An insurance provision in the U.S. farm bills proposed by the House and Senate could have corn, soybean, and wheat farmers making more money in a bad year, such as during a drought, than in a good year, an environmental group said on Thursday
In a 20-page report, the Environmental Working Group criticized the proposed Supplemental Coverage Option (SCO), which is in both the House and Senate versions of the Farm Bill, claiming it would have increased crop insurance payments during last year's drought by $6.8 billion on top of the record $17 billion that was paid out.
A corn farmer in central Illinois during that drought would have had crop revenue of about $1,300 a acre, or $200 an acre more than he had expected at planting time, said agricultural economist Bruce Babcock of Iowa State University.
SCO payments would be "windfall gains" on top of traditional payments and revenue from crop sales, making it unnecessary, said Babcock, a crop insurance expert who wrote the report for the "green" group.
"The best year they ever had (financially) would have been their worst year in terms of drought," said Babcock.
The Environmental Working Group works to gain more funding for conservation and small-farmer programs.
There would be a "substantial" SCO payout this year due to lower market prices and yield damage in the western Corn Belt and U.S. Plains, he said, although the corn crop is forecast to be record-large and soybeans the fourth-largest ever.
EWG said the SCO could cost more than the $5 billion-a-year direct-payment subsidy that it would replace. Farm-state lawmakers said they would end the direct payment as part of farm subsidy reform.
FARM COUNTRY SUPPORTS CROP INSURANCE
Farm groups gave priority to strengthening crop insurance in the pending farm bill. Farmers pay premiums every year but collect only in bad times, say defenders of the taxpayer-subsidized system.
The House and Senate still must agree on a final compromise version of the Farm Bill.
"Yet another one-sided and slanted 'report,'" said the trade group National Crop Insurance Services about the EWG report.
It said the report used "the extreme and unrepresentative" 2012 drought along with unrealistic commodity prices to arrive at an inflated price tag, rather than look at likely performance over good and bad years.
Crop insurance is the largest part of the farm safety net. Crop insurance spending was forecast to increase by up to 10 percent over the coming decade, to around $10 billion a year, in farm bills passed by the Senate and House of Representatives.
The SCO would be a county-based revenue policy that would cover the gap between a farm's individual insurance coverage and 90 percent of projected crop revenue. The government would pay 65 percent of the premium and there would be no limit on payments.

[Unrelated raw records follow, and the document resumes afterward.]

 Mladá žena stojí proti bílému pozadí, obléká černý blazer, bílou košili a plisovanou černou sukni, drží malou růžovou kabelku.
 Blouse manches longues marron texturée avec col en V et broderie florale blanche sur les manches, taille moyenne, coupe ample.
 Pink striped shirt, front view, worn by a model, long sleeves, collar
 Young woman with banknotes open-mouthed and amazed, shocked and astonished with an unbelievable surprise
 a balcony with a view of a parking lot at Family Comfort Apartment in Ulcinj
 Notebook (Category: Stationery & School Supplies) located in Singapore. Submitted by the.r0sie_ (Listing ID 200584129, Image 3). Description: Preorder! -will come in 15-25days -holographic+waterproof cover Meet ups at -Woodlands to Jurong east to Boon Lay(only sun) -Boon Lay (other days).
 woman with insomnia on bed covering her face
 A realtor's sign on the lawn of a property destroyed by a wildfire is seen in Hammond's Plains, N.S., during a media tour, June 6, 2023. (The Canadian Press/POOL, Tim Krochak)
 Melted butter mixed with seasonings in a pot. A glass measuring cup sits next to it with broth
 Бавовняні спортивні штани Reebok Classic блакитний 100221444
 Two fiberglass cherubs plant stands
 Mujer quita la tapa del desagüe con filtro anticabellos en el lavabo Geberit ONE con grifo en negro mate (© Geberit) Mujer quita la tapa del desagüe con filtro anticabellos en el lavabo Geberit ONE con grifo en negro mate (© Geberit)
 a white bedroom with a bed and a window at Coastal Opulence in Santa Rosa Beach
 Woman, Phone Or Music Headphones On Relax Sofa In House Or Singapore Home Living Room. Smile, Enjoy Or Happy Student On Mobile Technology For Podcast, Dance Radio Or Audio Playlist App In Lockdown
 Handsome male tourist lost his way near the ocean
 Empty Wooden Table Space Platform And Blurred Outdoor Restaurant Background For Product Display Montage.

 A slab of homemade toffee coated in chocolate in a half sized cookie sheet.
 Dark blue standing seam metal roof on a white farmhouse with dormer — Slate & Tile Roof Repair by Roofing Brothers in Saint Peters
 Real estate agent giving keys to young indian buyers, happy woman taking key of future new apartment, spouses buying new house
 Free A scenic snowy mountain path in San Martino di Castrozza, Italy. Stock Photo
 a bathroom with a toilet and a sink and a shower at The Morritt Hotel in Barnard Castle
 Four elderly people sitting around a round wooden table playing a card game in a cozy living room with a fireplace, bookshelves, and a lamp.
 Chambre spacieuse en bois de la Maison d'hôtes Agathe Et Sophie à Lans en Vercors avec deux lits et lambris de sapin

The Senate would require growers to practice conservation to qualify for crop insurance subsidies and have growers with more than $750,000 a year in adjusted gross income pay a larger share of the premium. Neither proposal is in the House bill.
SCO would trigger payments more often than other so-called revenue programs proposed in the new farm bill, said analysts Keith Collins and Harun Bulut in the economics journal Choices.
Iowa State's Babcock said a simple reform would improve SCO dramatically. Revenue guarantees should be based on prices expected at planting time rather than harvest, he said. Prices rise sharply when crops are bad, creating an offset for poor yields.